Given that all the men in your life were singular, rougish aesthetes, it would be almost impossible to not lose your sense of self. Yet you are a woman of tremendous individuality. Was acting a way to carve your own path?

Oh yes, it was. Also, I am extremely stubborn. I mean more stubborn than anyone has a right to be. I know it made my father crazy. I’m like a mule, you know? If I hadn’t been as stubborn as I am, I could have easily subsumed into any one of those characters. And I did for a while. Certainly when I was with Bob Richardson, I began to fear I was becoming his puppet. And I never wanted to be anyone’s puppet.

If it had turned out that you didn’t have the acting gene, what would you be doing?

Oh God, I don’t know! I’d either be doing something with animals or I’d be buying houses, decorating them and then selling them off for vast amounts of money. I LOVE to decorate. And I like to find things, place objects, choose fabrics. I’d like to be one of those designers that comes into a room and says, “I’d like this to look like the inside of a pearl” and then have a team of assistants place orders!

If I poked my head in your closet right now, what would make me laugh?

A sort of salmon-colored suit that I had made for the Carousel of Hope Ball. I have never chosen this color in my LIFE except that it matched this very beautiful coral necklace by Marta Marzotto that I have. I chose the color because of the necklace, but I mean… I had no idea… I kinda look like I was going to the Kentucky Derby!

What’s the first thing you put in your suitcase and the first thing you unpack when you’re traveling?

Pinky. Pinky is my cashmere blankie and she comes with me on the plane. She’s kind of a ratty cashmere shawl, halfway between shawl and blanket. You know on planes, you can put her over you head or wrap her around your throat or across your lap. There was Pinky One and she got lost, so now I have Pinky Two, but she has the same basic beauty.

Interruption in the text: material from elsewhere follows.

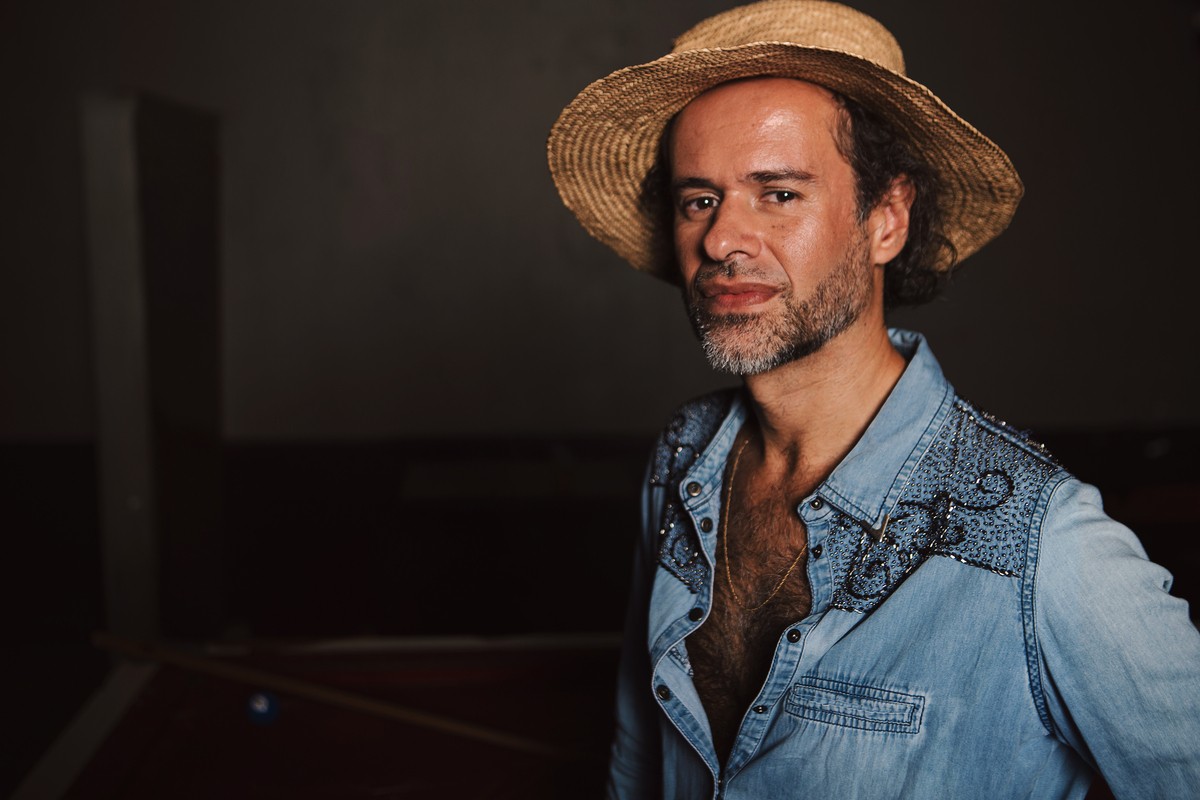 Marcelo Jeneci se consolidou como um dos nomes mais respeitados da MPB contemporânea
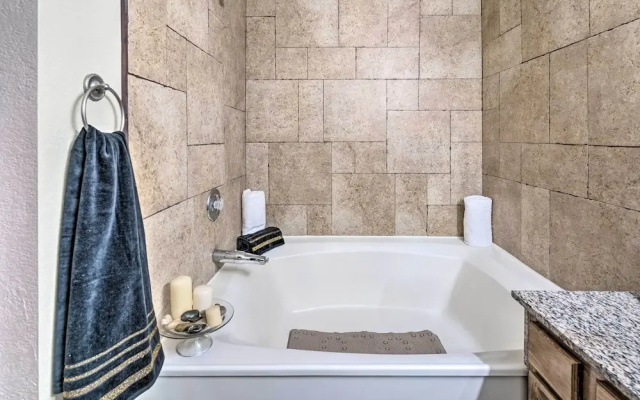 Seasonal Pool & Spa: Las Vegas Pad, 11 Mi to Strip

The Venice home your husband designed as a gift for you was spare and dramatic. Yet the ranch you’ve owned since the 1980s is “Cozy Cowboy.” What is the common thread?

I kind of like to make the most of what I think the place is, rather than to torture it into something else. Although I have to say when I first got my ranch – which is a plains adobe – up there in the Sequoias, I was working on Lonesome Dove and was influenced by all things southwestern, so I painted my windows turquoise and put big vigas in the living room. Ok, so I tortured it a little bit into Cowboy Cottage.

If you designed something yourself … wait, have you?

NO! Absolutely not – not even a shack!

Sounds like you might want to?

Yes, I might want to. That could be something! All in all I like sort of plantation homes with wide terraces surrounding the house – kind of British Colonial. I am actually pretty conventional. I don’t know where, but I think I’d like a house with a view.

What dreams have you yet to accomplish?

I’ve always liked to draw, and I’ve never had formal training. I don’t know if I have the patience for it. Maybe get into pottery and start learning how to throw clay. It goes along well with women a certain age. People like Louise Bourgeois who I think is just the essence of strength and femininity. There’s something powerful about being a grown-up woman and being a potter.

What would you say is the Huston legacy?

Well, my father always used to say “interest.” If there’s one thing I can say about my family is they are genuinely who they are and are unapologetic about that. And they have a kind of ferocious love of life. Which we will all squeeze the last drop out of!